The degrees of freedom for the one-sample t-test are calculated as n - 1, where n is the sample size.

Calculating Degrees of Freedom

The degrees of freedom for a one-sample t-test are calculated using the following formula:

df = n - 1

Where:

  • df = degrees of freedom
  • n = sample size

This formula is straightforward because the degrees of freedom are determined solely by the number of observations in the sample. The subtraction of one accounts for the fact that one value is used to estimate the population mean.

Note: The degrees of freedom must be a positive integer. If your sample size is 1, the degrees of freedom will be 0, which is not valid for a t-test.

Example Calculation

Let's consider an example where you have a sample of 20 observations. The degrees of freedom would be calculated as follows:

df = n - 1

df = 20 - 1

df = 19

In this case, the degrees of freedom are 19. This value would be used to determine the critical t-value from the t-distribution table or to calculate the p-value for the one-sample t-test.

FAQ

What is the difference between degrees of freedom and sample size?
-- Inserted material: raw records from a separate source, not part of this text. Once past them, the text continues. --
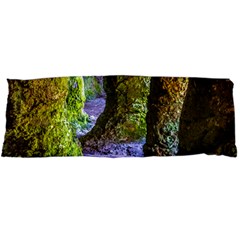 Grutas Del Palacio, Flores, Uruguay Body Pillow Case Dakimakura (two Sides) by dflcprintsclothing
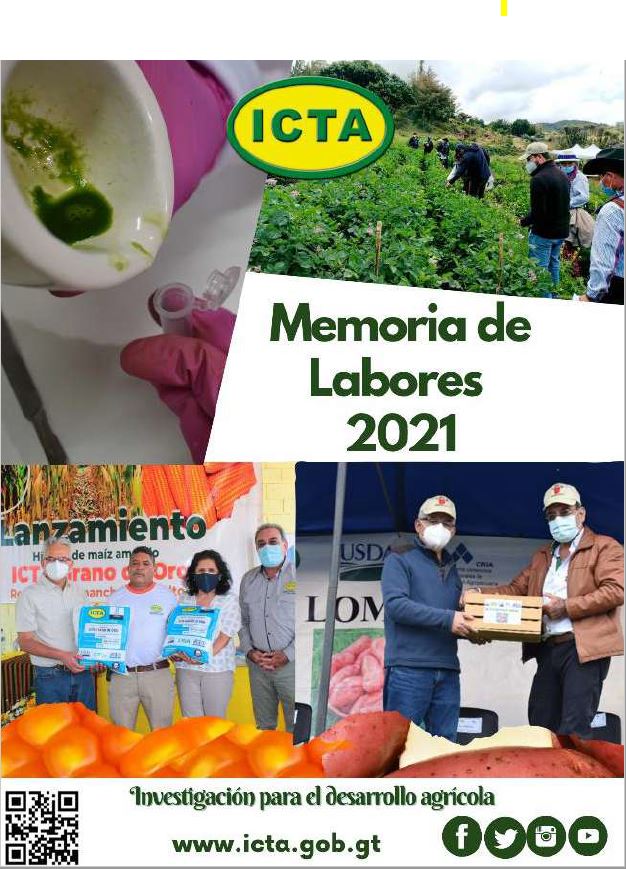 Memoria de Labores ICTA 2020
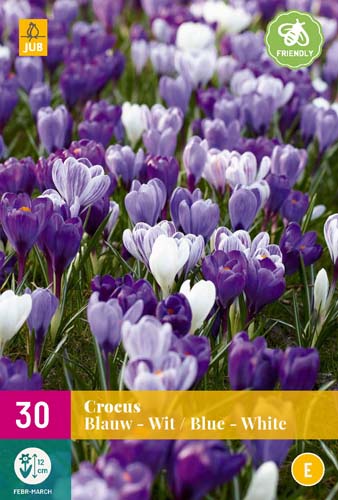 CROCUS BLAUW - WIT 7/8 30 st CROCUS BLAUW - WIT 7/8 30 st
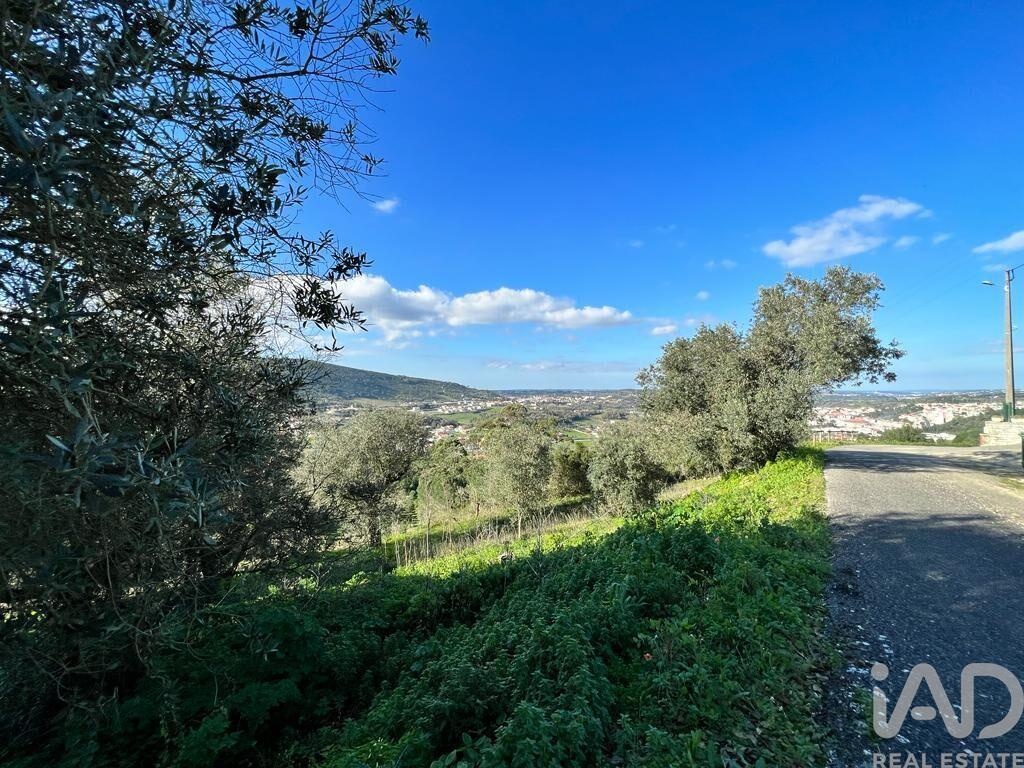 Land in Porto de Mos - Image 3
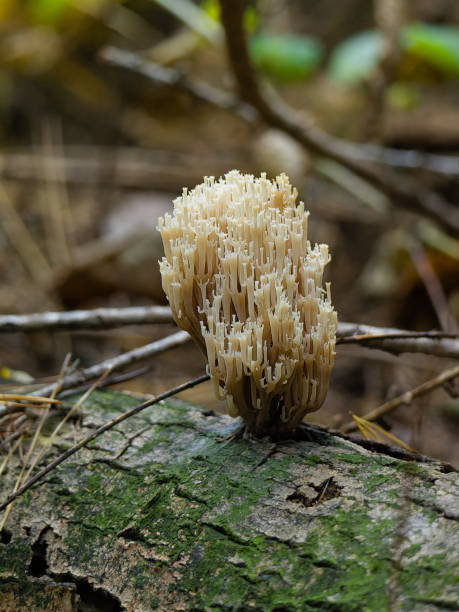 istock Artomyces pyxidatus mushroom a tree stump 2192979796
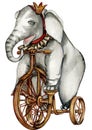 Watercolor hand drawn circus elephant on bicycle vintage style. Royalty Free Stock Photo
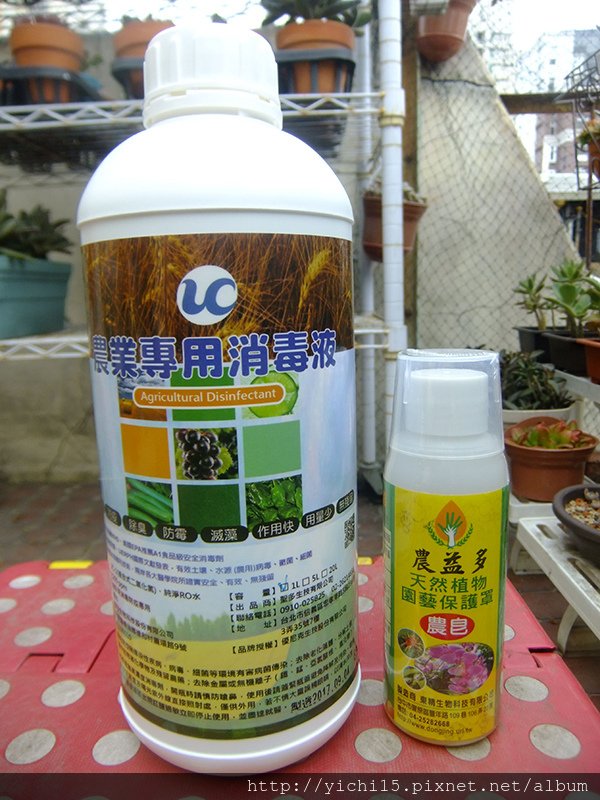 DSCF3436.JPG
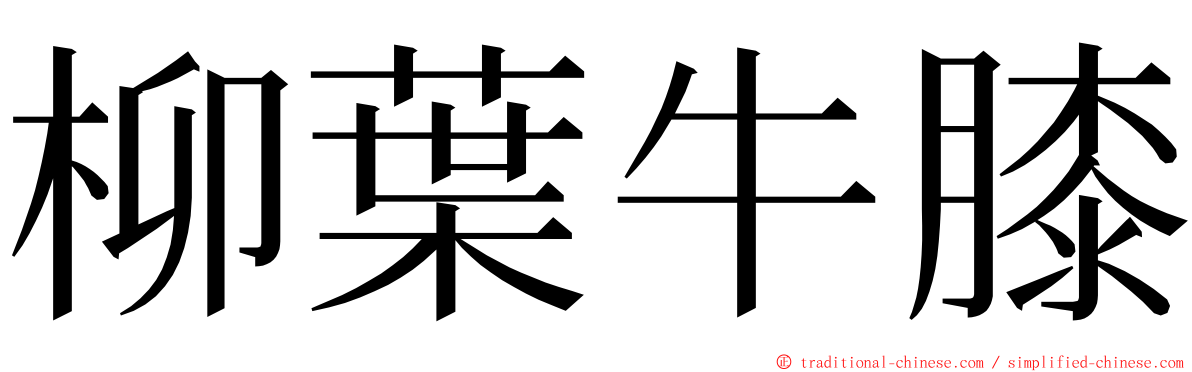 柳葉牛膝 ming font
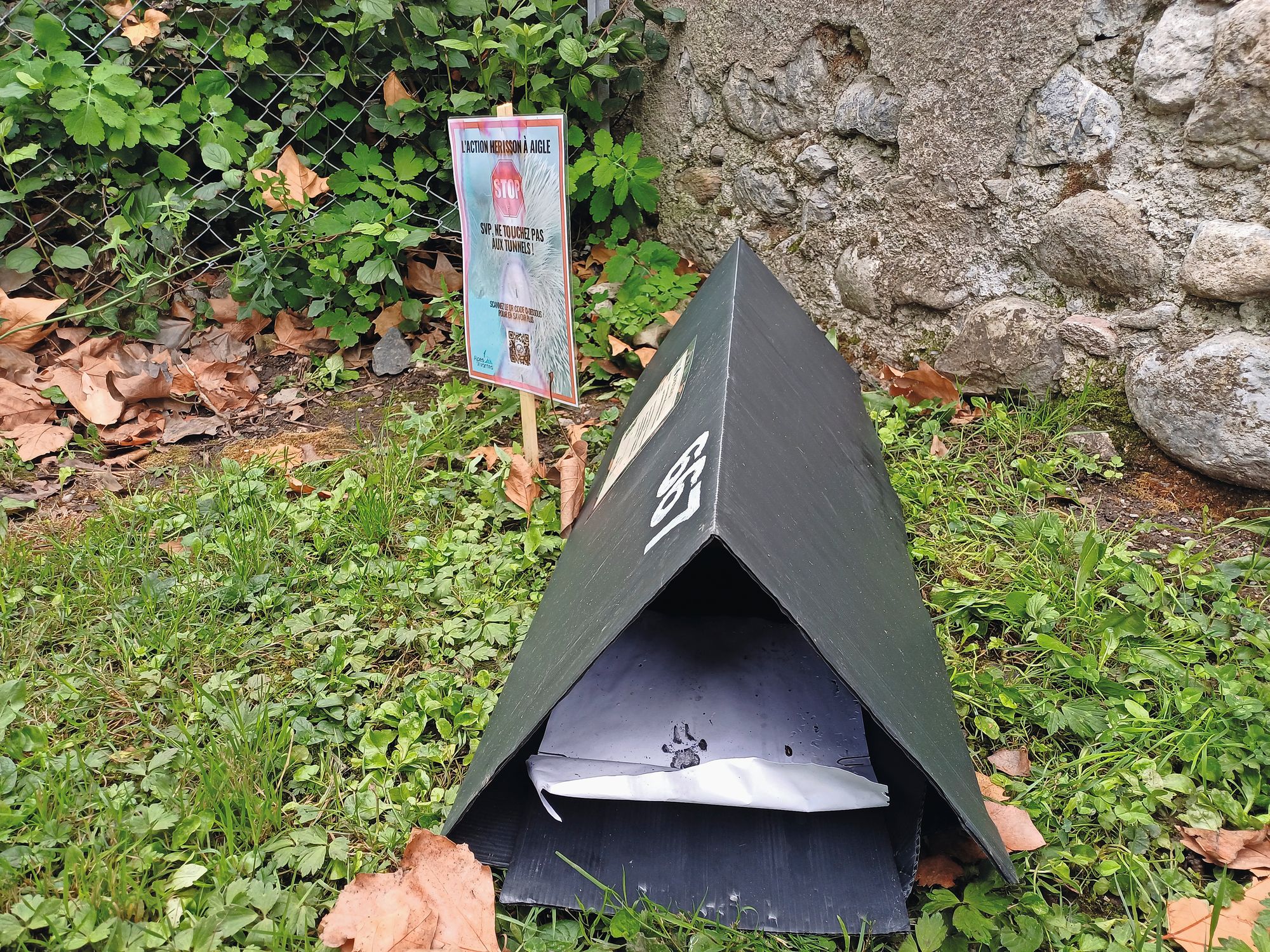 https://www.terrenature.ch/app/uploads/2025/09/10_HerissonAigle.jpeg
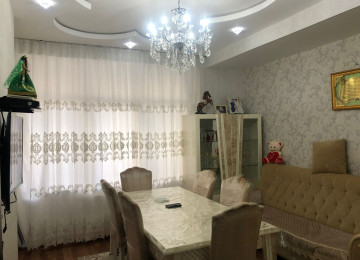 ALMAN LAYİHƏLİ !!! İDEAL İNFRASTRUKTUR YOLA DAYANACAĞA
The sample size (n) is the total number of observations in your dataset. Degrees of freedom (df) are calculated as n - 1 because one value is used to estimate the population mean, leaving the remaining values to vary freely.

Can degrees of freedom be zero?

No, degrees of freedom cannot be zero. If your sample size is 1, the degrees of freedom will be 0, which is not valid for a t-test. You need at least two observations to perform a one-sample t-test.

How do degrees of freedom affect the t-test?

Degrees of freedom determine the shape of the t-distribution. A higher number of degrees of freedom means the t-distribution is closer to a normal distribution. This affects the critical values used to assess statistical significance in the t-test.